Loading...
Logo TinLit
Read Story - Satu Nama untuk Ayahku
MENU
About Us  


Mencari pekerjaan di Jakarta sungguh sulit. Raden merasa sudah tidak sanggup lagi melangkah di tengah teriknya matahari. Tapi, jika ia tidak juga mendapat pekerjaan, dari mana ia bisa membiayai sekolah putranya?

Raden berspekulasi ini ada sangkut-pautnya dengan kekuasaan ibunya di Indonesia. Setiap perusahaan yang ia datangi selalu menolak dirinya setelah menyebutkan namanya adalah Raden Kalingga.

Menepi sebentar di depan toko yang sudah tutup sembari menyaksikan sebuah patung Arjuna yang sudah menjadi ciri khas di jalan MH Thamrin itu. Jika saja hidupnya penuh keajaiban seperti cerita pewayangan Mahabarata, Raden berharap ia bisa memiliki kemampuan seperti Arjuna supaya dapat menancapkan anak panahnya pada siapapun orang yang ia kehendaki.

"Ayah juga suka Arjuna?"

Raden menoleh lalu tersenyum melihat Abi dengan seragam sekolahnya berdiri tepat di sebelahnya. Tangannya bergerak mengusap kepala putranya penuh kasih. Satu-satunya penguat hidupnya kini adalah Abi.

"Abi suka sama Arjuna?"

Anak itu mengangguk antusias. "Menurut Abi, Arjuna itu sosok pahlawan yang luar biasa. Dia sangat sayang kepada ibunya dan selalu menghargai setiap perempuan. Arjuna bahkan rela membagi seorang wanita yang ia dapat sebagai hadiah sayembara dengan saudara-saudaranya."

Raden menoleh kembali berniat memotong kalimat anaknya.."Yang luar biasa itu Drupadi, ia mengabdikan dirinya di antara kelima pria. Bertahan demi sebuah pengorbanan. Tapi Arjuna, ia malah membuat hati Drupadi terluka dengan membawa adik dari Dewa Krisna bukan?"
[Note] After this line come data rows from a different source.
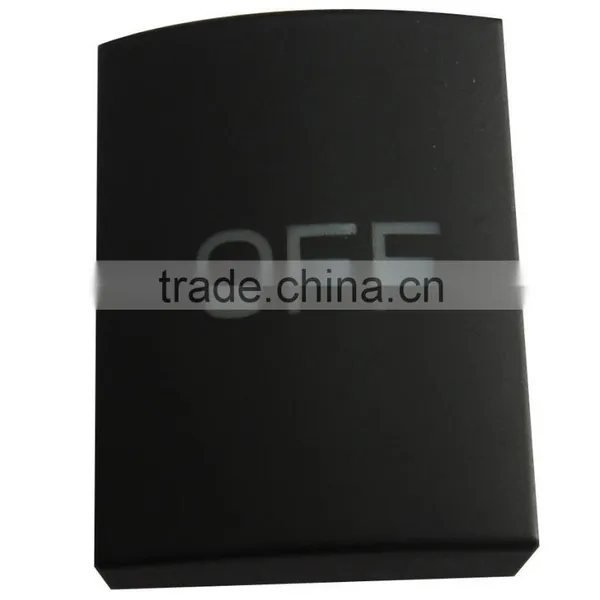 Fiber Laser Mark/Marking Equipment photo-6
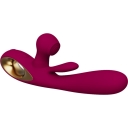 IMPACT SWING VIBRADOR &AMP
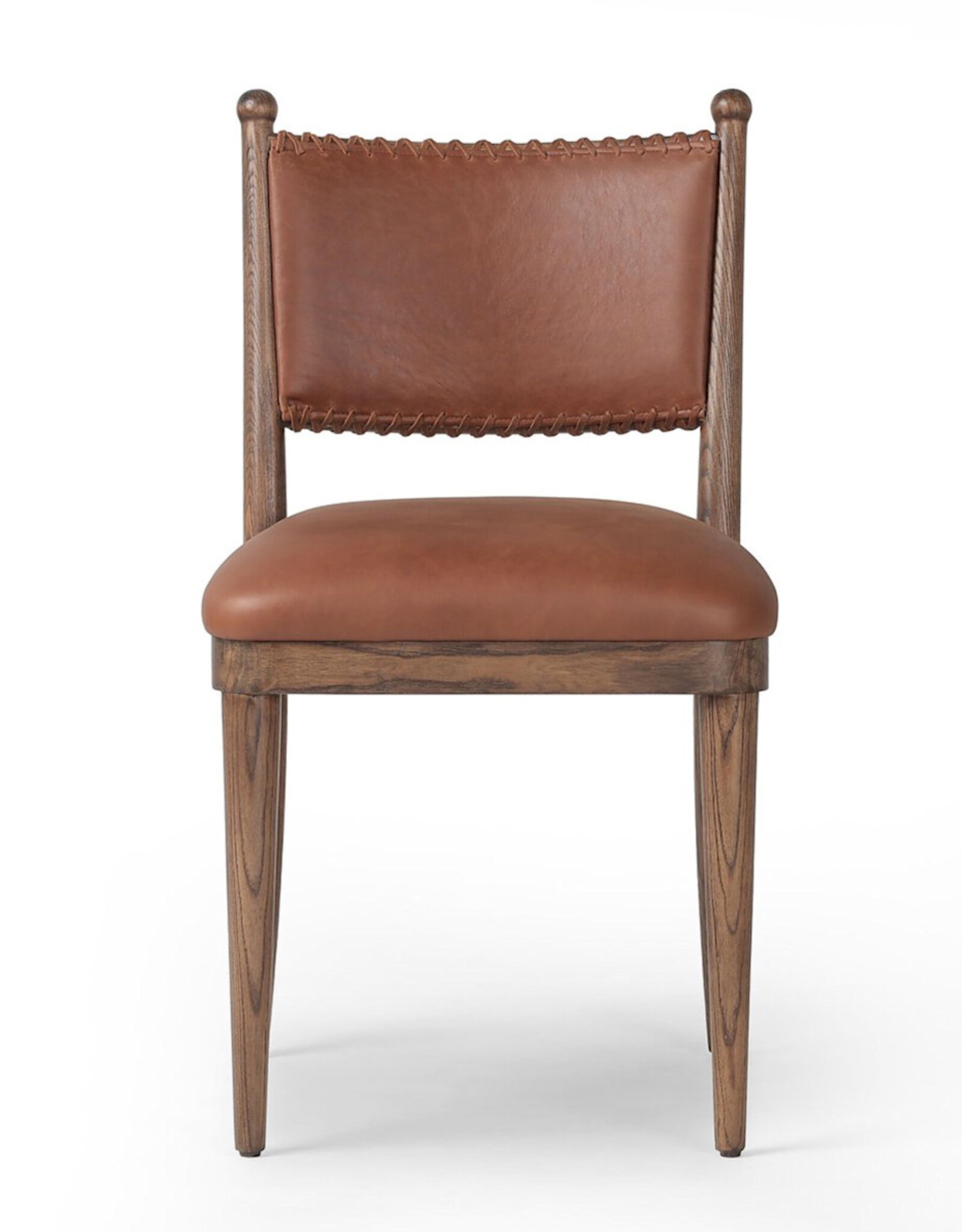 Bella Dining Chair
"Ayah jangan menyalahkan Arjuna begitu. Itu karena Subrada adalah adik dari Dewa Krisna sahabat Arjuna. Dengan kata lain, di sana Arjuna sudah tidak memiliki pilihan lain selain membantu Subadra untuk tidak menikah dengan orang yang salah."
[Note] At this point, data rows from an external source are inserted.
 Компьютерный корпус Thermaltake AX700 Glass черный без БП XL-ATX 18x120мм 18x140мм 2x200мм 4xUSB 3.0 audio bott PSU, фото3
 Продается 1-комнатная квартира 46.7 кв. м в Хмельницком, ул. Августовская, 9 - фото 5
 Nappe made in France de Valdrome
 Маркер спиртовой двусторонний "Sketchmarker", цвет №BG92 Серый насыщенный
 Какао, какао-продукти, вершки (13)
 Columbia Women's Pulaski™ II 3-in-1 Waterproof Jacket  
Abi begitu antusias menceritakan tokoh Arjuna membuat Raden tertawa. Pria itu merasa gemas melihat wajah Abi yang kesal karena ia telah menjelekkan seorang Arjuna.
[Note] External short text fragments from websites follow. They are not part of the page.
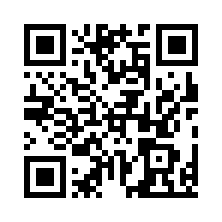 QR Code for 18VGCrcLWE8Zq1p5gMLpmT1GU7LHmrfPEW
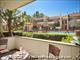 Siena Apartments -  - 7375 Rollingdell Drive, Cupertino, CA  95014 - CTB - cropped - 4902273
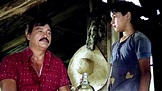 DUGONG BUHAY 1983 Digitally Restored Ramon 'Bong' Revilla JR - YouTube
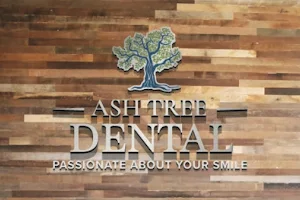 Ashtree Dental image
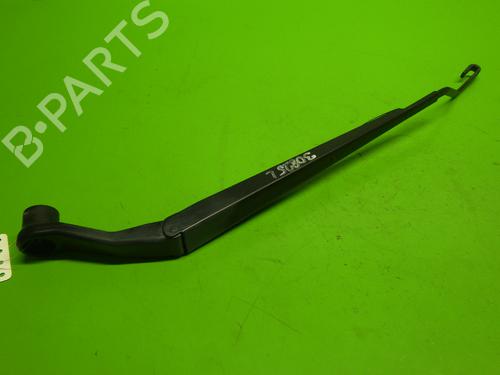 Used Front windshield wiper arm CHRYSLER NEON II 1.6 (116 hp) 14737251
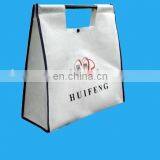 new style non woven bag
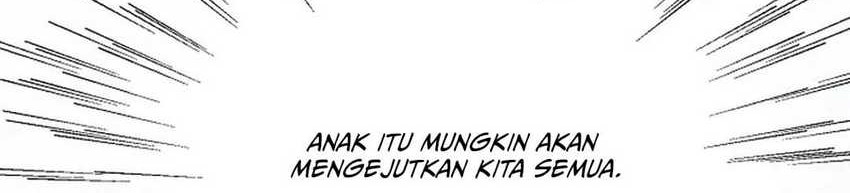 The Genius Grandson of Namgung Clan Chapter 7 Gambar 33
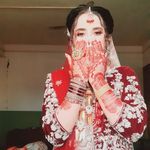 Asma@ Shafi - @asmashafi905 - Instagram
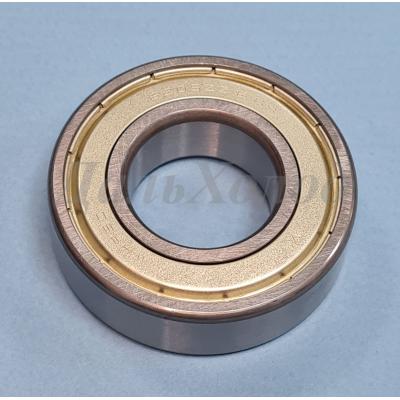 Подшипник 6205 ZZ (25*52*15) Indesit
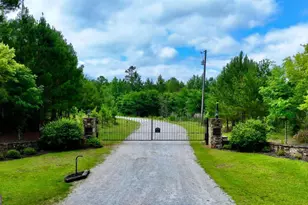 0 Millstone Creek Rd, Elberton, GA 30635 - Photo 10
"Abi harus bisa belajar dari Arjuna ya. Meskipun ia hidup dalam kesederhanaan tapi jiwa ksatrianya tidak pernah hilang. Dan, memiliki sikap yang penyayang kepada sesamanya."

"Iya, Ayah."

Sejenak Raden menatap langit sore yang sudah mulai mengiringi kepergian sang mentari. Kemudian melihat ponselnya sudah menunjukkan pukul 17.30 WIB.

"Abi, ayo pulang."

Mereka berjalan beriringan dengan lengan Raden yang memeluk bahu Abi. Meninggalkan jejak langkah yang mereka buat di atas jalanan yang dipijaki.

Abi menengadah ketika setetes air hujan menyentuh hidung mancungnya.
"Ayah, hujan!"

Detik selanjutnya hujan deras turun tanpa interupsi. Raden langsung menarik lengan Abi mengajak anaknya berlari sekencang mungkin.

"Ayo lari Abi..."

"Ayah, tahu apa yang bisa kita lakukan dengan air hujan?" tanya Abi setengah berteriak melawan hujan sembari berlari kencang.

"Apa?"

"Membiarkan tetesnya ikut membasahi hati kita yang kering."

Raden mengangkat alisnya tinggi-tinggi tanda ia tidak mengerti kalimat putranya.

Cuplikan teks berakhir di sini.